Suppose you take an open interval I of length 1, divide it into countable sub-intervals (I/2, I/4, etc.), and cover each rational with one of the sub-intervals.
Since all the rationals are covered, then it seems that sub-intervals (if they don't overlap) are separated by at most a single irrational. For instance, if s = sqrt(2) then we might have the two sub-intervals ( s-I/2, s ) and ( s, s+I/4 ) and s would be uncovered.
But if we have a countable number of open sub-intervals with at most one (irrational) number between each sub-interval, that would mean we've covered all of the real line except for the complement, a countable number of irrationals, with an interval of length 1, which is absurd.

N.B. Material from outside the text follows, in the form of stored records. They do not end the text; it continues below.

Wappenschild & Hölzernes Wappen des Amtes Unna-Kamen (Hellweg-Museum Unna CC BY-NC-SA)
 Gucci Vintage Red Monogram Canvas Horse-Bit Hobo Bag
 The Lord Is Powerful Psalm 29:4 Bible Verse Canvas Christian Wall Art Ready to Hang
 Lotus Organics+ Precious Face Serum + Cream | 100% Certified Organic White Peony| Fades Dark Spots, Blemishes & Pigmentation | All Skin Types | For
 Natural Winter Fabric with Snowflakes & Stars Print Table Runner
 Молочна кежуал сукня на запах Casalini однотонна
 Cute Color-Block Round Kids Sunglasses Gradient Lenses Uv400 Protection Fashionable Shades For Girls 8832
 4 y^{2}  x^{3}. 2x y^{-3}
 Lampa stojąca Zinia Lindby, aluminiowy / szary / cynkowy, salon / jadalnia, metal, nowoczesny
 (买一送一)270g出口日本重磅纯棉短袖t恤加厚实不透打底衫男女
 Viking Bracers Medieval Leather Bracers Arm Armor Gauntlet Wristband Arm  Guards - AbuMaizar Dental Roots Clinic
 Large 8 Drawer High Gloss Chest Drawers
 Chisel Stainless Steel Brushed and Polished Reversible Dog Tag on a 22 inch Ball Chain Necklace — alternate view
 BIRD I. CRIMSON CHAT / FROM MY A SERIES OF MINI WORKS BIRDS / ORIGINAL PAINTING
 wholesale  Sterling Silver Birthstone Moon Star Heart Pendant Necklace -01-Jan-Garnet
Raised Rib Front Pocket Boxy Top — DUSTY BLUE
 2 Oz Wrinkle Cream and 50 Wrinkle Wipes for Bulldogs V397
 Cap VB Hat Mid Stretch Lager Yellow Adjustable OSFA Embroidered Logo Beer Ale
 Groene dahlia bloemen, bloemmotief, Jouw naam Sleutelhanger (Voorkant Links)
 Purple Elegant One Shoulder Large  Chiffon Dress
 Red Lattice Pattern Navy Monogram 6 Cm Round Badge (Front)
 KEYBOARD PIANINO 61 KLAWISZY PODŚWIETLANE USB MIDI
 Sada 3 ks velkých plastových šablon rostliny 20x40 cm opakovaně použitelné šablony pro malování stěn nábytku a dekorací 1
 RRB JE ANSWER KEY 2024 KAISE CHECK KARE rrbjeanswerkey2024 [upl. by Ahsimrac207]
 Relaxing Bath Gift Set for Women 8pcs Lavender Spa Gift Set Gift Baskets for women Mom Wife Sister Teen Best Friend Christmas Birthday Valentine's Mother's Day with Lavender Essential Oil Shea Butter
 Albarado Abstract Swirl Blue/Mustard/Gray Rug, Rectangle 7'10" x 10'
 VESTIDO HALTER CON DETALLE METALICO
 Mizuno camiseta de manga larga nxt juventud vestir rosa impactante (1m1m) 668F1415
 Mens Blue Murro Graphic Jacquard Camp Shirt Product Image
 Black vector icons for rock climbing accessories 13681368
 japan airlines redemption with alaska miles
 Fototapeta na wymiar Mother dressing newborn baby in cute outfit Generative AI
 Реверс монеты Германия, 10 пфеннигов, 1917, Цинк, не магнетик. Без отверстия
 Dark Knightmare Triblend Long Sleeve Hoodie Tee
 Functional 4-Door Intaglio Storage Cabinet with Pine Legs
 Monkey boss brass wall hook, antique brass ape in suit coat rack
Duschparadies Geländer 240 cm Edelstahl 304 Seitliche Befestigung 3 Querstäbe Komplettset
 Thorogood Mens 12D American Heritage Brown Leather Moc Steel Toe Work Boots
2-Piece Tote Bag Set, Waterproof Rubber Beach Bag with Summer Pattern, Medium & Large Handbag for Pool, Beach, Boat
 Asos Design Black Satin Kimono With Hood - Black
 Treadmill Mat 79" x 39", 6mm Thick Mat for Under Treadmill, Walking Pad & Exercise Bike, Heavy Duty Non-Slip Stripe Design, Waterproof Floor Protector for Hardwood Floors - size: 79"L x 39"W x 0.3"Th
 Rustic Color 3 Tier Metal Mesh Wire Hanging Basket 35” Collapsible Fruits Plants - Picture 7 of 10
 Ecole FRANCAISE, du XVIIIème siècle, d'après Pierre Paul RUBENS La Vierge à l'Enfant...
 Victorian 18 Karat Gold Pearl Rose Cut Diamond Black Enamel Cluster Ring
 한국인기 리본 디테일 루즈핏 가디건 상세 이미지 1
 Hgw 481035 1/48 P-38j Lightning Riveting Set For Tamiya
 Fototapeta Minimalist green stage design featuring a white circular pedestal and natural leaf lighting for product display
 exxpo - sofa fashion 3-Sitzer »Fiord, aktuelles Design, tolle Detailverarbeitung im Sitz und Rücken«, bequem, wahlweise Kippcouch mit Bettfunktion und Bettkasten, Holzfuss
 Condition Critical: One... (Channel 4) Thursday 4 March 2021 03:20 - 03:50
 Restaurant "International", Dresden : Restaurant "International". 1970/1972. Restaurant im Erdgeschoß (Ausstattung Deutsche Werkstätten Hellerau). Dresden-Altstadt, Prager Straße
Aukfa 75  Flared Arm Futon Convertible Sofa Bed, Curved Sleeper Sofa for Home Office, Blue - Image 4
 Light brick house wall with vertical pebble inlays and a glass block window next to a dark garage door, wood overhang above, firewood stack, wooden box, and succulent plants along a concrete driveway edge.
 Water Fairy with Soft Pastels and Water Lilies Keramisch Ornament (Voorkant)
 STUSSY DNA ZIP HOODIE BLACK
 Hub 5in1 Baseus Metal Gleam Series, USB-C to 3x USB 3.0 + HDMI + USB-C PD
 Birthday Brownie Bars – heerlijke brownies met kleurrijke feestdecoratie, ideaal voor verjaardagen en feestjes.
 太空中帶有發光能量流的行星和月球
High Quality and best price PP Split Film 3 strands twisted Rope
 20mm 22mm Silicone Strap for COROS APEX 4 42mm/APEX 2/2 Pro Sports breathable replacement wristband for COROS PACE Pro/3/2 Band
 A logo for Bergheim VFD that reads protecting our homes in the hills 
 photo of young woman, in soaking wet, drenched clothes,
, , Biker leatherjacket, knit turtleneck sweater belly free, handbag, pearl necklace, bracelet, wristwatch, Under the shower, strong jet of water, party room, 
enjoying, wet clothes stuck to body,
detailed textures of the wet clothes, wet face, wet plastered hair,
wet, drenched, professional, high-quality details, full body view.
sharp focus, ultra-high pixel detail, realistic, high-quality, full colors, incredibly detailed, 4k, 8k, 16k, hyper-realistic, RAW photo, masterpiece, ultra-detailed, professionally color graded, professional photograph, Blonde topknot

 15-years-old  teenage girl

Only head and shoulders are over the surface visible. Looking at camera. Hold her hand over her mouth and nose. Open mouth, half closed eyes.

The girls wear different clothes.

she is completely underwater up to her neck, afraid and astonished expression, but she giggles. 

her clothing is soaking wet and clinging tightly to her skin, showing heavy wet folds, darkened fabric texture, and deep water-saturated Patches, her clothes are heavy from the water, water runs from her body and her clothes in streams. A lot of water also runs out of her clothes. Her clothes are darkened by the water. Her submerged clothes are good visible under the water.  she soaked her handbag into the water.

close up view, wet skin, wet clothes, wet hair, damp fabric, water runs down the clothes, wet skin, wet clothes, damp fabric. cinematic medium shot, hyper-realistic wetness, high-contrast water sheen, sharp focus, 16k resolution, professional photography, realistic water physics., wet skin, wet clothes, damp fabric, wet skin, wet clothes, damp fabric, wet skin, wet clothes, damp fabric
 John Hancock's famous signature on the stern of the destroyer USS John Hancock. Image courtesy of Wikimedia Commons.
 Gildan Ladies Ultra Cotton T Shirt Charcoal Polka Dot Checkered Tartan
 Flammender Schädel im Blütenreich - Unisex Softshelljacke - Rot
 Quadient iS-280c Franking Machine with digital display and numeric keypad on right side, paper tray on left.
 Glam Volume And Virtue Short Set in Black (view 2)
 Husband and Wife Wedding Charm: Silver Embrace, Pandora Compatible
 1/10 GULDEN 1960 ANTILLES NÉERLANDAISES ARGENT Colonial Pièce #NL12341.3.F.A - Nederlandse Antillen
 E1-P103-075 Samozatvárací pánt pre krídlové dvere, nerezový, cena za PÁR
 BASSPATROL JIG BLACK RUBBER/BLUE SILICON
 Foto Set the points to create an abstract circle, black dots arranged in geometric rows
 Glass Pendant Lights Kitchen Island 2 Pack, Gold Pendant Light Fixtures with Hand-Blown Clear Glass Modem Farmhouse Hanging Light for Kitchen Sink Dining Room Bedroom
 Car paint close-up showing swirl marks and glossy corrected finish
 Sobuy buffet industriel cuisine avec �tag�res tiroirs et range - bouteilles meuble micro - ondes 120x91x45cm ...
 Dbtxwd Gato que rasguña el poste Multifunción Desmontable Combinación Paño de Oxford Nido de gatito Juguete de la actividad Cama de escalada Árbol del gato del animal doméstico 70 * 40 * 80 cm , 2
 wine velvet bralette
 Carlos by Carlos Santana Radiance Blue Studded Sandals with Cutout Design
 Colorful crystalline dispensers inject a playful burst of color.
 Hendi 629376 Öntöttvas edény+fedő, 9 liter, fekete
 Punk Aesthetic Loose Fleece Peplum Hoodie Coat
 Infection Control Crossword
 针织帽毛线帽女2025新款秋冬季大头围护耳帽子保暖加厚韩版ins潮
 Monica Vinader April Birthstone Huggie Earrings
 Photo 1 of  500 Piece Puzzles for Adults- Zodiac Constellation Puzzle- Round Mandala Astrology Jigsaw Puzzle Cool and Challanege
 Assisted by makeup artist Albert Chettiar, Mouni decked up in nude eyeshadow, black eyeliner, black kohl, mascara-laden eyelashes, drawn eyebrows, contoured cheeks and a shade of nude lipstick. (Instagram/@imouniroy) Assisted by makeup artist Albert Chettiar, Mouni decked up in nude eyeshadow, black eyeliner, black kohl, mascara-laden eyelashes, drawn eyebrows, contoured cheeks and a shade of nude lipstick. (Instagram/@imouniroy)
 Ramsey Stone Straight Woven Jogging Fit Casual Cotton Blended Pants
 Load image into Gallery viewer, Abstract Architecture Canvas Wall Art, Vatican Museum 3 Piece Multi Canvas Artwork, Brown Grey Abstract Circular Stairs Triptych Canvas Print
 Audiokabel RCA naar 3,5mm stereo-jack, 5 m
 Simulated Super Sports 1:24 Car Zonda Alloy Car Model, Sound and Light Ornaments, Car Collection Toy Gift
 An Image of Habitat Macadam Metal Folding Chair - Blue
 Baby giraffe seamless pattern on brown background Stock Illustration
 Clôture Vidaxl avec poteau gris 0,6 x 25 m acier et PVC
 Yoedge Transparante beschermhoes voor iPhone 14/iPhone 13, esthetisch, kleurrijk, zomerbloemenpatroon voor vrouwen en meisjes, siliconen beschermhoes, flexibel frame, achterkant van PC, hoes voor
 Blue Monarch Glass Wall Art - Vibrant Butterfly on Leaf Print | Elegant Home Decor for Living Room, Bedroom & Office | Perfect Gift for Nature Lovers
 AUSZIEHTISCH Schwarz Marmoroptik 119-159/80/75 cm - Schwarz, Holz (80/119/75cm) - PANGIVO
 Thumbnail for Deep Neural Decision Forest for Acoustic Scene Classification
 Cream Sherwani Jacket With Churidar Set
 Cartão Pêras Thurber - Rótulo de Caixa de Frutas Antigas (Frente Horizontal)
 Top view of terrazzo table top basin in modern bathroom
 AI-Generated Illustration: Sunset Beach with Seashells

So there's a flaw in the reasoning but I don't see exactly where. Where is it?
Thanks.
The intervals must be very overlapping. If $q$ is covered by an interval of length $2x$, there is a rational $q'\in(q-x,q+x)$. And the interval covering $q'$ must have intersected with the one covering $q$.
But even if you did manage to make this cover without overlapping intervals (e.g. at each step pick the smallest rational which you can cover without overlaps), your mistake is that you falsely conclude that the intervals must be separated by at most a single irrational number, and that the complement is just these irrational numbers. Most of the irrational numbers are not endpoints of these intervals, but rather limit points of them.
(The same thing happens with the Cantor set, most points of the Cantor set are not interval endpoints from those that we remove, but rather limit points of these endpoints.)